The optical circuit switches are used instead of the highest tier of Ethernet switches – the spine layer – in Google’s data centres.

Using optical circuit switching reduces networking costs by 30 per cent and power consumption by over 40 per cent. The optical switch layer also enables more efficient and less disruptive upgrading of the server endpoints.

Koss says the difference between its design and Google’s is scale: “Ours is more granular.”

Drut says its solution will enable racks of optically-attached machines, but unlike Google, the optical switching is much closer to the end equipment. Indeed, it is a second fabric independent of the data centre’s tiered Ethernet switches.

Drut's area of focus is within the blue-lined box. Source: Drut

Product architecture

The main three elements of Drut’s technology are an FPGA-based line card, the fabric-manager software and a third-party optical switch.

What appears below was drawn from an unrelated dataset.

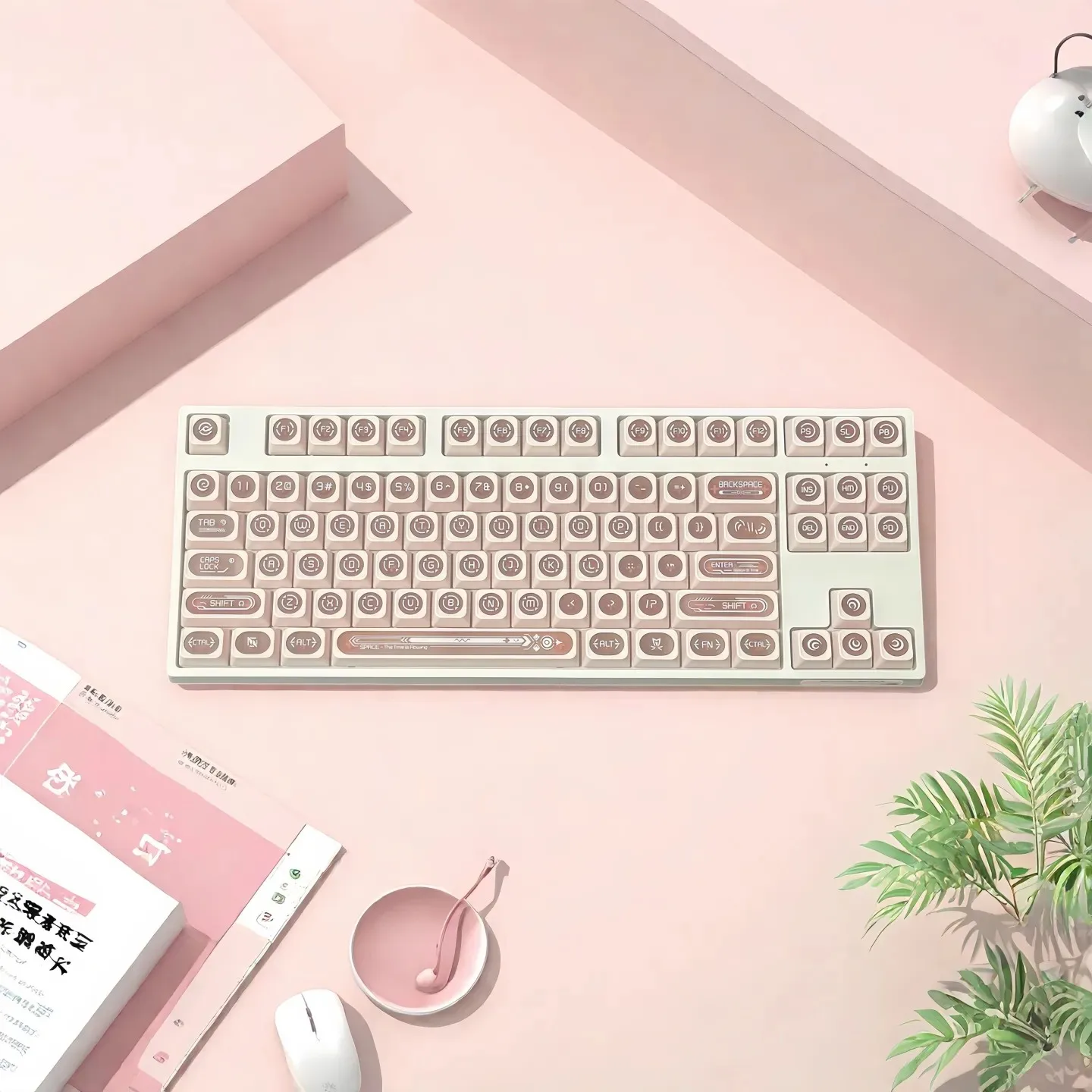

136 Keys Dye-Sub Shine-Through PBT Keycaps Cherry Profile Pink Cat Eye PC Key cap Set for MX Switches Mechanical Gaming Keyboard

Drut’s line card, the iFIC 1000, has an FPGA and four 100-gigabit transceivers. “That is as much as we can fit on,” says Koss.

The system architecture showing the iFIC cards, the optical switch, and the management software. Source: Drut

The company uses its own transport protocol that runs over the fabric, an ‘out-of-band’ network design.

“You can dynamically attach and detach, and the machine doesn’t go into crazy land,” says Koss.

The fabric manager knows all the ports of the switch and the endpoints and sets up the desired system configurations.

With the fabric management software and the FPGA, the system can configure banks of graphic processing units (GPUs).

Drut has also demonstrated linking memory over its photonic fabric, although this is in development and still unavailable as a product.

Drut says a primary challenge was developing the FPGA that takes the out-of-band signalling off the main bus and supports it over the optical fabric.

A photonic fabric design promises to change the nature of a server. A user will request CPUs, accelerators such as GPUs and FPGAs, and memory, as needed, for each workload.

The merits of using an optical switch include its support for multiple ports, i.e. the switch’s large radix, and its being interface-speed agnostic.

The photonic switch also has a lower latency than switch ICs and simplifies cabling. “It is all single-mode fibre pluggable optics,” says Koss.

Drut argues that optical switches arrived 25 years too early but that, with developments in the data centre, their timing is now right. Source: Drut.

Status

Drut is developing a second line card which will use a larger FPGA. Each card generation will expand the number of optical ports to scale the endpoints supported.

The company is also working with a co-packaged optics player on a design for a hyperscaler.

“We use pluggable optics today because co-packaged optics isn’t available,” says Koss.

The advantage of co-packaged optics is that it will increase the port density on each line card and hence the overall scaling.

Koss says that Drut already has two customers: an enterprise and a cloud provider.

Drut, which means ‘high tempo’ in Sanskrit, has so far secured two rounds of funding.

“We did a good-sized seed round in June 2021 and closed a bigger seed extension last September; not an easy task in 2022,” says Koss. “We added Boston Seed Capital and another firm as new investors as well.”

The company has sufficient funding till 2024 and is talking to new investors for a Series A funding round.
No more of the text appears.